Apr 11, 2010

Soule Restaurant's Food Facts: Honey

Bacteria doesn’t survive in honey, so it never spoils. In fact, honey was found in ancient Egyptian tombs, approximately 2000 years old, and still edible!

As it ages, the crystallization process of honey puts it in a solid form that can be warmed and liquefied, retaining all of its properties.

Ancient Egyptian doctors used honey to treat open wounds, speeding up the healing process and saving countless lives that might have been lost due to infections from injuries during the construction of the pyramids.

Scientists today have found that honey contains hydrogen peroxide which

kills germs, but also has the remarkable ability to kill the most resilient bacterium such as Staphylococcus Aureus.

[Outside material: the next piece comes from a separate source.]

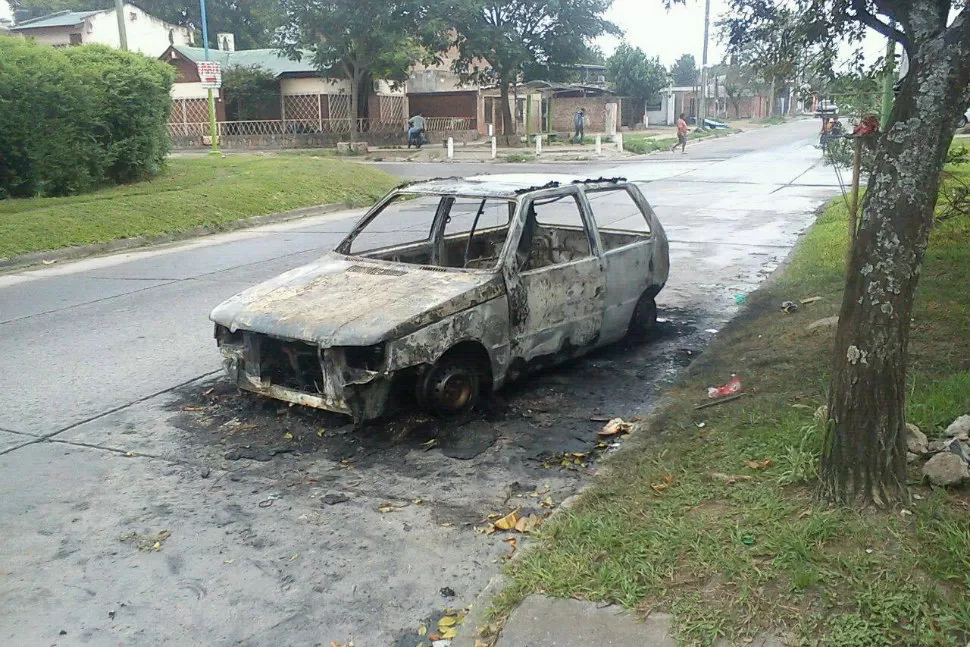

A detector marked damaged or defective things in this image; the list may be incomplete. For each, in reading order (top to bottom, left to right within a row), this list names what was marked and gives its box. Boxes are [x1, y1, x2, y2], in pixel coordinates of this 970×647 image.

Another interesting property is that when honey is applied to burns or wounds, they often heal without leaving scars. Scientists are unsure why, but they suspect that the glucose in the honey combines chemically with collagen that makes up scar tissue in a way that prevents it from forming.

Honey is a natural sugar that is sweeter than granulated sugar. Both contain glucose and fructose; however, in sugar, the fructose and glucose bind together while in honey, they remain separate. Fructose does not convert to energy as efficiently as glucose and is often converted to fat stores. It’s bound to glucose in sugar, which inhibits absorption, making honey a better nutritional option. Honey also contains antioxidants that must be obtained through diet, as well as vitamins and minerals, although the type and amount varies based on the pollen collected.

Because of its pollen base, a tablespoon of honey a day is purported to build antibodies to allergens naturally.

Any reason to doubt why it was considered the Nectar of the Gods?